CtW Investment Group is calling on Amazon.com Inc. to increase gender diversity among its executive ranks and corporate board.
In a Nov. 30 letter to Amazon Chairman and CEO Jeffrey Bezos, CtW Executive Director Dieter Waizenegger urged Mr. Bezos and the company's board to take various actions to increase gender diversity, including establishing targets for gender diversity on the senior executive team and working toward gender parity on the board; creating a stakeholder advisory council that focuses on promoting gender diversity, preventing sexual harassment, and other issues; and increasing the authority and independence of the company's existing employee "affinity groups."
The letter notes that women comprise roughly 40% of Amazon's total workforce, but only 25% of its management team. Women make up 30% of the 10-member board.
Mr. Waizenegger argued in the letter that CtW suspects that a roughly two-year lag between Amazon receiving reports of Amazon Studios President Roy Price's alleged harassment of Isa Hackett, a producer on Amazon's "The Man in the High Castle," and his recent departure in October, "stems ultimately from Amazon's failure to ensure that women have the opportunity to rise to the highest ranks within Amazon's workforce."
Mr. Waizenegger adds in the letter that CtW suspects women at Amazon are treated unfairly.

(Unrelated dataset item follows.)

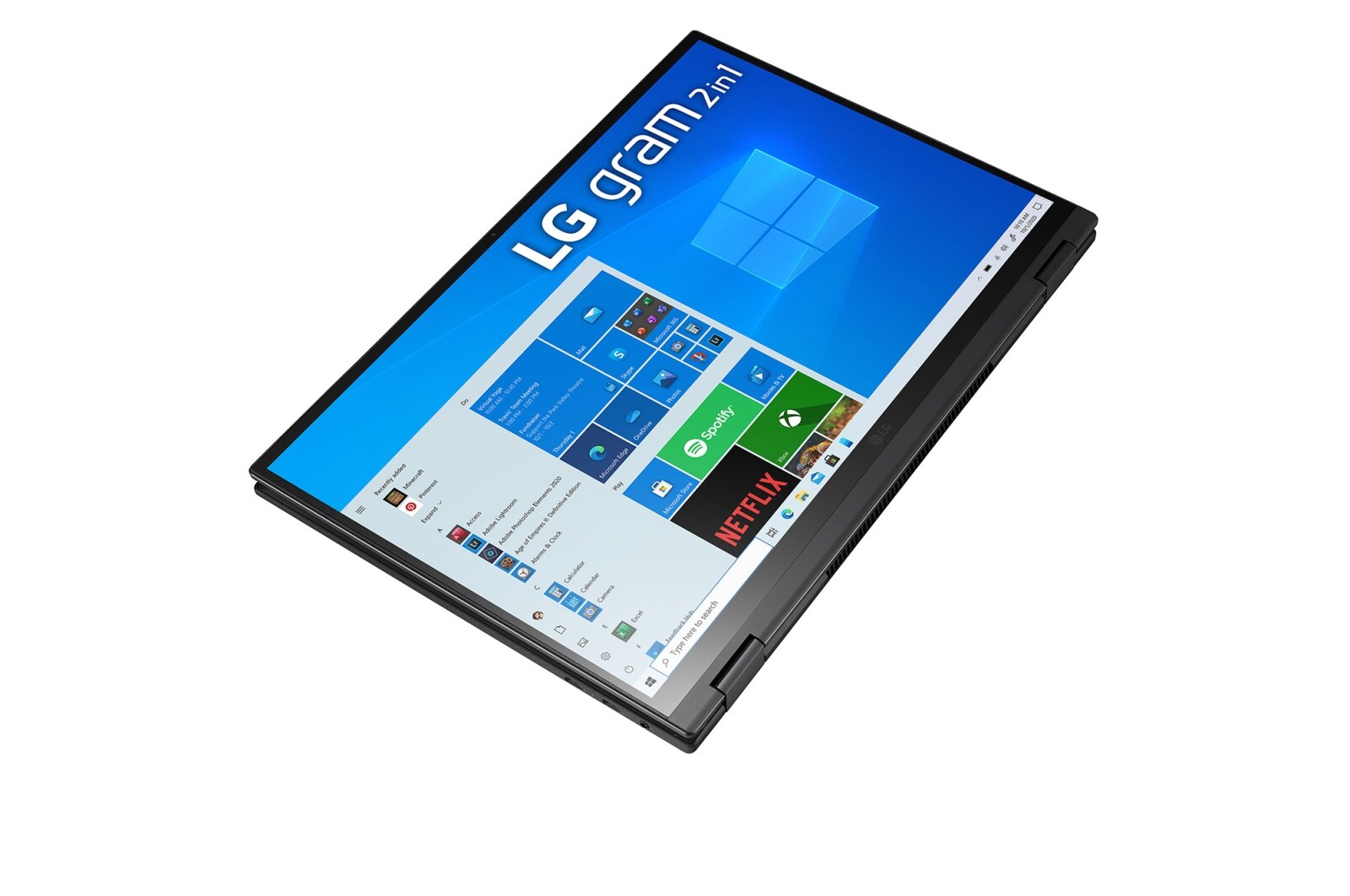LG gram 16'' 2-in-1 輕贏隨型 極致輕薄翻轉觸控筆電（曜石黑）, 16T90P-G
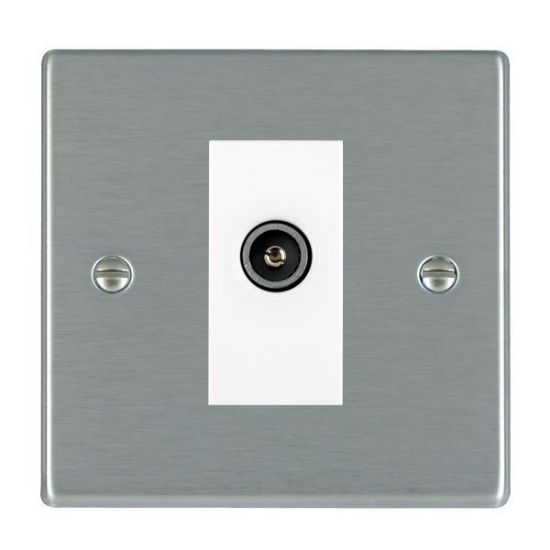 Picture of Hartland SS/WH 1 Gang TV DTV Screened Non Isolated Socket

An Amazon spokeswoman declined to comment on CtW's letter but noted that the company has a number of female vice presidents across the company and was recognized by 2020 Women on Boards as having one of the most gender diverse boards in technology. The national campaign 2020 Women on Boards aims to increase the percentage of women on company boards to 20% by 2020.
CtW, which works with union-sponsored pension funds that have more than $250 billion in assets, plans to submit a shareholder proposal calling for increased gender diversity among Amazon's executive ranks and corporate board, Mr. Waizenegger noted in the letter. CtW officials could not immediately be reached for additional information.
CtW's letter to Amazon came a week after Twenty-First Century Fox Inc. announced that it formed The Fox News Workplace Professionalism and Inclusion Council to address a derivative lawsuit filed by the $202 million Monroe (Mich.) City Employees' Retirement System that alleged company officials did not take steps to address sexual harassment and racial discrimination.